Resilience is being able to bounce back from stress, challenge, tragedy, trauma or adversity. When children are resilient, they are braver, more curious, more adaptable, and more able to extend their reach into the world. Resilience is something that can be nurtured in all of us and strengthened at any age.
Building children into healthy, thriving adults isn't about clearing adversity out of their way. A little bit of stress helps them to develop the skills they need to flourish. Research shows that in the context of a loving relationship with a caring adult, children have the opportunity to develop vital coping skills. This social support is associated with higher positive emotions, a sense of personal control and predictability, self-esteem, motivation, optimism, a resilience.
Optimism has been found to be one of the key characteristics of resilient people. If you have a child who tends to look at the glass as being half empty, show them a different view. This doesn't mean invalidating how they feel. Acknowledge their view of the world, and introduce them to a different one. Spend time daily acknowledging the (non-material) big and small things that you and your children are grateful for.
The ability to reframe challenges in ways that feel less threatening is linked to resilience. In times of difficulty or disappointment, reframing a situation will help them to focus on what they have, rather than what they've lost. To build this skill, acknowledge their disappointment, then gently steer them away from looking at what the problem has cost them, towards the opportunities it can bring.
Kids can be fairly black and white about things so when they are faced with something difficult, the choices can seem stark -- face it head on or avoid it at all costs. But there is a third option, and that is to move gradually towards it, while feeling supported and with a certain amount of control.
Exposure to stressors and challenges that they can manage during childhood will help to ensure that children are more able to deal with stress during adulthood.
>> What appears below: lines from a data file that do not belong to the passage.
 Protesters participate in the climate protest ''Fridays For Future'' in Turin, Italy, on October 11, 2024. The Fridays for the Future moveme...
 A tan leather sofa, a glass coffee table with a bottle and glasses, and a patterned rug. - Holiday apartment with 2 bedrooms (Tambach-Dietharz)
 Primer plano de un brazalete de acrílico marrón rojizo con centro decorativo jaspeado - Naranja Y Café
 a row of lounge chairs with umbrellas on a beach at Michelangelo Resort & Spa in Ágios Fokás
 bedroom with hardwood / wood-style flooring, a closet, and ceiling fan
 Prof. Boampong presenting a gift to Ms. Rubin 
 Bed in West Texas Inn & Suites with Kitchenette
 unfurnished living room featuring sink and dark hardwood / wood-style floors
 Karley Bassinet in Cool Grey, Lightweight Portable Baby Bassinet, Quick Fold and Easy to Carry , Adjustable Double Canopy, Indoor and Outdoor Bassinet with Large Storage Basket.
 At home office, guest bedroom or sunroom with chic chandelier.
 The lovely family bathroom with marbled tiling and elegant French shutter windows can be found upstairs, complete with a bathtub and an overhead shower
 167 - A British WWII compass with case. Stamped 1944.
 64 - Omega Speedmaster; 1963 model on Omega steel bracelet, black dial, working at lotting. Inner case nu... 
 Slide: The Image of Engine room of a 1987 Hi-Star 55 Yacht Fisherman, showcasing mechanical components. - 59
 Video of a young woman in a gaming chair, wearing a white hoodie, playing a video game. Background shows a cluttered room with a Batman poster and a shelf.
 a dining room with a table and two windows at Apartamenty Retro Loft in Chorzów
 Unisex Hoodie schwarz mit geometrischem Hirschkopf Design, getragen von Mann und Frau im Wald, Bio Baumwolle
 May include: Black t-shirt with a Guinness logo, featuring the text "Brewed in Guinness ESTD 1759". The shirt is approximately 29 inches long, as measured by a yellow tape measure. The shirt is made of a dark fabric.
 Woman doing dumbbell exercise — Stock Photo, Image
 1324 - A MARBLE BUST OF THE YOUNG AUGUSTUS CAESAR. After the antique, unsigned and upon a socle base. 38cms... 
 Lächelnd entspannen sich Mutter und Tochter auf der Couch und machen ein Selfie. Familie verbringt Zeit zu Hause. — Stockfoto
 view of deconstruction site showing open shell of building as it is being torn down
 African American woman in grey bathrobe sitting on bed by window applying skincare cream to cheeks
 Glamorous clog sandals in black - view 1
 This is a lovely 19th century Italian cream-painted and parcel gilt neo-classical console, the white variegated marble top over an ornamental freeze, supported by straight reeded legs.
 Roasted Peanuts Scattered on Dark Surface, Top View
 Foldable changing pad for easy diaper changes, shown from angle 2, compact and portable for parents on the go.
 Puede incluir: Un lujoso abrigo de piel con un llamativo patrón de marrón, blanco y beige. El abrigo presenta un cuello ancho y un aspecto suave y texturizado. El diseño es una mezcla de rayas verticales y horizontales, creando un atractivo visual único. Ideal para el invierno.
Research has found that children who have a growth mindset - the belief that people have the potential to change report less stress and anxiety, better feelings about themselves in response to social exclusion, and better physical health. It can be heartbreaking to watch our children when they struggle or miss out on something they want. But - they'll be okay. However long it takes, they'll be okay.
Unfortunately, we all will experience emotional pain, setback, grief and sadness in our lives. Resilience isn't about never falling down. It's about getting back up again. The key for our children is to learn to respect those feelings, but not let them take charge and steer their life's outlook and future behavior.